## Data provided
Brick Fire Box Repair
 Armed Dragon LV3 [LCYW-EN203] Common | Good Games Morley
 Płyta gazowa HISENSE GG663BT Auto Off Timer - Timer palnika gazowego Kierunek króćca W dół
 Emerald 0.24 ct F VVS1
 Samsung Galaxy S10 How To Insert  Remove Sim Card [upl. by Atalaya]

## Task requirements
Going line by line, repeat the whole listing exactly.

## Result
Brick Fire Box Repair
 Armed Dragon LV3 [LCYW-EN203] Common | Good Games Morley
 Płyta gazowa HISENSE GG663BT Auto Off Timer - Timer palnika gazowego Kierunek króćca W dół
 Emerald 0.24 ct F VVS1
 Samsung Galaxy S10 How To Insert  Remove Sim Card [upl. by Atalaya]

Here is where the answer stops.